『美濃牛』を読んだのですが、おもしろいくせに全然ハラハラしなくて「火曜サスペンス劇場」を見てるのかと思いました。
デンデンデーンー デンデンデェーーン
で、お馴染みの火曜サスペンス劇場。知っている人は確実に30代以上でしょう。知らない人のために説明すると・・・
毎週火曜日に「なんとなく人が殺され」、それを「名俳優たちが2時間ピッタシで捕まえ」、場所はもちろん「崖の岩場」という番組。
スタンダードなミステリー作品を味わえる名番組でした。「誰か知り合いでも出てるのか?」ってぐらいウチの母親も毎週真剣に見ていましたね。
まさにそんな火曜サスペンス劇場で放映されそうな王道なストーリー展開のミステリー小説『美濃牛』。
しっかりと面白さが詰め込まれた良作でした。
「美濃牛」感想
まず。
なぜだか全然ハラハラしない。スリルがない。スピード感もない。ヤバさが感じられない。
最後のシーンで犯人による「真実の自白」は人間の汚さ全開で、オドロオドロでヤバい展開だったんですが・・・全部終わった後に明かされたので『そうだったんですか』ぐらいの衝撃。
最後のシーンまではむしろ淡々としすぎて、ミステリー小説にあってほしい要素が見当たらなかった・・・のですが、
なぜだか手が止まらない。
つまりすごく良作だったと思います。
文章も読みやすく、話の展開もタイトルに恥じない牛並みに「ゆっくり」なスピード感だったので、話についていけないということもなかったです。
ただし、700ページもある長編で、さらにゆっくり展開・・・そこに嫌気がさして「本をぶん投げた」という人もいるでしょう。
内容はおもしろいのに、引き込む力が無さすぎて淡々と読み進めていくしかない…そんな小説が苦手な方もいるかもしれませんが、個人的には良かったです。

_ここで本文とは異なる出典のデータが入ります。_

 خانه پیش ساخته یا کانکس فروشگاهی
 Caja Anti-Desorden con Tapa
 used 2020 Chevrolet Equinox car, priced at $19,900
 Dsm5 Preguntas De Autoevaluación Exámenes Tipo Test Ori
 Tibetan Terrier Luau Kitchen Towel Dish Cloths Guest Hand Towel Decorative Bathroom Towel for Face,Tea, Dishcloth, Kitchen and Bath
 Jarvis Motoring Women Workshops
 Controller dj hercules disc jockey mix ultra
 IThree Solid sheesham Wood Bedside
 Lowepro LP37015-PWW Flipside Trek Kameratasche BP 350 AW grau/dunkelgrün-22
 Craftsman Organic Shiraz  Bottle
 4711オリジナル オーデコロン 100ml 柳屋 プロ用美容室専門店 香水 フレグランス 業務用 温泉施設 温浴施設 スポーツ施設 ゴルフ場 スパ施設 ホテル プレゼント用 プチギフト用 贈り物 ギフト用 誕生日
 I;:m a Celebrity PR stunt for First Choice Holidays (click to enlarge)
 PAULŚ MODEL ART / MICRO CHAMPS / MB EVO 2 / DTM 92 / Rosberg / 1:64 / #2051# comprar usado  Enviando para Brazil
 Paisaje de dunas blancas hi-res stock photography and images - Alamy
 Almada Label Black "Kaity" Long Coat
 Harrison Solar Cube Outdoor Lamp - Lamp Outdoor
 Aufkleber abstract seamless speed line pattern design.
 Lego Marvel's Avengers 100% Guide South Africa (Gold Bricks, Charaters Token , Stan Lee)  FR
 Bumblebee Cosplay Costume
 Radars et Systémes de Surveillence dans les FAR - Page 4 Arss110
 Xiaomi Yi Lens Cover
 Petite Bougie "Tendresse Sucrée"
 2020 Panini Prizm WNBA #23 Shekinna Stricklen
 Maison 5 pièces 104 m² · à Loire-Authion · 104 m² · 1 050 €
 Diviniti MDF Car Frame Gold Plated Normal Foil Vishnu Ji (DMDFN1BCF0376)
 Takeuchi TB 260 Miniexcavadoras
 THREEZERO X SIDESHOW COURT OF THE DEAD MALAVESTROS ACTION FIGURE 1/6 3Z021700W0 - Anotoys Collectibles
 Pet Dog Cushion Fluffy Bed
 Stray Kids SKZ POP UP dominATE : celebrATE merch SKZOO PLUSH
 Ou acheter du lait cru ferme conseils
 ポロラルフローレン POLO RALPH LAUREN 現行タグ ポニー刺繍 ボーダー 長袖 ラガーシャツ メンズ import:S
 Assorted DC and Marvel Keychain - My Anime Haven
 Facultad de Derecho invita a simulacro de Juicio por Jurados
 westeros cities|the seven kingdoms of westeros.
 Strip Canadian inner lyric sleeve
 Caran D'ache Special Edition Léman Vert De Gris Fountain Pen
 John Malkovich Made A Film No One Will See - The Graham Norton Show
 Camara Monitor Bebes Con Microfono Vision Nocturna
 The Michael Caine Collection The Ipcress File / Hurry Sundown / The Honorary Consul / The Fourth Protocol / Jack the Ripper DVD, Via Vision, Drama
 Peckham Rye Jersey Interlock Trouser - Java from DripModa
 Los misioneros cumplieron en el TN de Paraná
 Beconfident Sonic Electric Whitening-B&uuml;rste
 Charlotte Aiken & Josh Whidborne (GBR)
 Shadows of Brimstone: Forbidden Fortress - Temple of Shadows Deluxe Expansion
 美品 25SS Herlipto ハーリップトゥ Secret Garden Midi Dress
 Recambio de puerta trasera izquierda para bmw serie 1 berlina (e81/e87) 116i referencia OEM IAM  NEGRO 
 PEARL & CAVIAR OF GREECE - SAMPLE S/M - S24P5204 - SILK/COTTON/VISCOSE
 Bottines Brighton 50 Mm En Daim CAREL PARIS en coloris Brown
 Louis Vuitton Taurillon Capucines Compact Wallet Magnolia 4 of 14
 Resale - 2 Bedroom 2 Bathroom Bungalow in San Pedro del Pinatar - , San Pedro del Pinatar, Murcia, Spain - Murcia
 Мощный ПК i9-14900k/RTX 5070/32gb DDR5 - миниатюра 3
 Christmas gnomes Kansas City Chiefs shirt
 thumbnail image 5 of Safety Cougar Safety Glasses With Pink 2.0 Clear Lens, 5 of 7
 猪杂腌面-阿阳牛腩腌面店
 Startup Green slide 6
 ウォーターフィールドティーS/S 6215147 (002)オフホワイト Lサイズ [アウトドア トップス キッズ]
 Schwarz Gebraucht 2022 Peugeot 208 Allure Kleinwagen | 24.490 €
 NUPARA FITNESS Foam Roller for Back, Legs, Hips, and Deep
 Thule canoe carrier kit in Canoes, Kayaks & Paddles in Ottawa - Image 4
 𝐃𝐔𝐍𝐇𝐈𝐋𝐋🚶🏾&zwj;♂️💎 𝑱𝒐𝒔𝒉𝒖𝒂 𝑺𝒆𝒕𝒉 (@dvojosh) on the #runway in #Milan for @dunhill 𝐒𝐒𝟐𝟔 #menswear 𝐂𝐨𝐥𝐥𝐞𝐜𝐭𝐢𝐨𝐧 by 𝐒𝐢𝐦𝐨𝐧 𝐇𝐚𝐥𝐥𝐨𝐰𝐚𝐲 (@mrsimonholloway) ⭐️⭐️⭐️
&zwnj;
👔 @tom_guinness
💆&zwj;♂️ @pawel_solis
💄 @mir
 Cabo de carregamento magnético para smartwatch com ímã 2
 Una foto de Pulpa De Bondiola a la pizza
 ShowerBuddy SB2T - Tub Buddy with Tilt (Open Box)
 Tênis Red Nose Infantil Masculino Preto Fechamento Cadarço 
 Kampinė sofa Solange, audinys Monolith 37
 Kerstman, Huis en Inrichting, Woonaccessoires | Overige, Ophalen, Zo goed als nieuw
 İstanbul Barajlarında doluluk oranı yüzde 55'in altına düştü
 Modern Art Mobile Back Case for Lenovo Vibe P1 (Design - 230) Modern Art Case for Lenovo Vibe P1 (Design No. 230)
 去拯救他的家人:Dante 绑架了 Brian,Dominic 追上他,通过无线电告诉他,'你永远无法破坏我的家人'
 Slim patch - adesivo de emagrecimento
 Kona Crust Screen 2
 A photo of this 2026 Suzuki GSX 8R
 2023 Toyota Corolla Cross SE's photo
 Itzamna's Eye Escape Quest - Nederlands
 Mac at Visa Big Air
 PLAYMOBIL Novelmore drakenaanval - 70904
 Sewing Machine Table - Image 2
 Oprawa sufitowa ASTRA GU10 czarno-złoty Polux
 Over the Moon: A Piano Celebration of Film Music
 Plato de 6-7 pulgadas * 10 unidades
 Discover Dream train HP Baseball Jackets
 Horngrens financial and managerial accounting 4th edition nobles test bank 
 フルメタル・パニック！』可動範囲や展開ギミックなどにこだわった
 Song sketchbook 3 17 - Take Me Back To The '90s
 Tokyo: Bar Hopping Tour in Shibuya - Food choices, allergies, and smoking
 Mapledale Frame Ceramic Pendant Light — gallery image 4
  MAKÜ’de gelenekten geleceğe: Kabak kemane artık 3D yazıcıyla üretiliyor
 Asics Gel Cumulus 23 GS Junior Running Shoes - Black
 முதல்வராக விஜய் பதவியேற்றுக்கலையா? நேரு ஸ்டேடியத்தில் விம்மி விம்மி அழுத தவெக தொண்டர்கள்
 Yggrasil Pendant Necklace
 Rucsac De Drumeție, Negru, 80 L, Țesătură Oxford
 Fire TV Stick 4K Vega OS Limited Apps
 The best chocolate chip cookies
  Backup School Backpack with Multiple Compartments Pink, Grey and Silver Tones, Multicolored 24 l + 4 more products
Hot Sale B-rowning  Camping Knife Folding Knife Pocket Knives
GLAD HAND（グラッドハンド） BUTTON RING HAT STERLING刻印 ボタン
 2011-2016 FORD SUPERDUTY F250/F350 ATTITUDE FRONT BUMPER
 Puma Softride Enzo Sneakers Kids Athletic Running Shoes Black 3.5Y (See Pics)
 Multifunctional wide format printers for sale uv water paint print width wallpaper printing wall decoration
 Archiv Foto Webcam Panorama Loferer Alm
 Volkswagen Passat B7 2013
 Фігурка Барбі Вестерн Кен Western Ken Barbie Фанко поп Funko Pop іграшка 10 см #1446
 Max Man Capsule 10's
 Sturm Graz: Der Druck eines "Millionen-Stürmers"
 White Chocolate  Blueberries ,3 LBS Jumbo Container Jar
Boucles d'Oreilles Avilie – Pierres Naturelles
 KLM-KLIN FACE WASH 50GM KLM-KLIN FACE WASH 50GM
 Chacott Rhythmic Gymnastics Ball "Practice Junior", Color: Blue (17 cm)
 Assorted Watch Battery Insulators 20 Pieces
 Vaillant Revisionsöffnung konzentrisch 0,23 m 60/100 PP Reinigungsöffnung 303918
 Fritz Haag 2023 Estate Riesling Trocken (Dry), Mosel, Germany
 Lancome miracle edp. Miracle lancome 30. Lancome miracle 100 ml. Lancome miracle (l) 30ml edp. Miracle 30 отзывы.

村を舞台にしたということで、ほのぼの感が小説全体に漂っていたのが良かったですね。
大抵、ミステリー作品で村が舞台になっていると、「タタリじゃー」と喚くバアさんがいたり、「生け贄を捧げろー」と叫ぶバアさんがいたり、「この地に伝わる伝説じゃー」と唱えるバアさんがいたり・・・
今回の舞台である「暮枝村」にはそんなバアさんは登場せず、ほのぼの感満載の雰囲気がかわいかったです。
バアさん出てきて良いことないですからね。
窓音の存在
途中までは「可愛い感じの女の子だなぁ」、と思っていました。
が、最後まで読んで「なんだか普通に怖いな」と感じました。なんででしょう?
家族や親戚が全員死んだにも関わらず、特に戸惑うことなく生活している。もちろんこれも少し恐怖を感じたんですが・・・
やっぱり一番はプロポーズの件ですよね。
だって、男性側はプロポーズしてないですからね。
いや、そりゃ受け入れますよ。田舎にいるカワイイ女子高生で、しかも大金持ちな女の子に『私と結婚してくれますよね?』なんて言われたら『はい』って言いますよ。磯丸水産の店員ぐらいデカい声で『はい!喜んでー!』言いますよ。
でも『結婚しよう』なんて言ってないですからね。
普通の女の子がそんな行動を取ったら『何か訳があるのね』と思うだけですが、ちょっと不思議な少女がそんなこと言い出したら『どんな裏があるの?』ってビビってしまいそうです。
まあそれでも受け入れますけど。
石動戯作
好きです、石動戯作。
やたら物知りすぎて「ウィキペディアか、お前は」と思ってしまうこともありましたが、それでも彼なりの苦手分野もしっかりあって、「特別な人間性」も「普通の人間性」も感じれました。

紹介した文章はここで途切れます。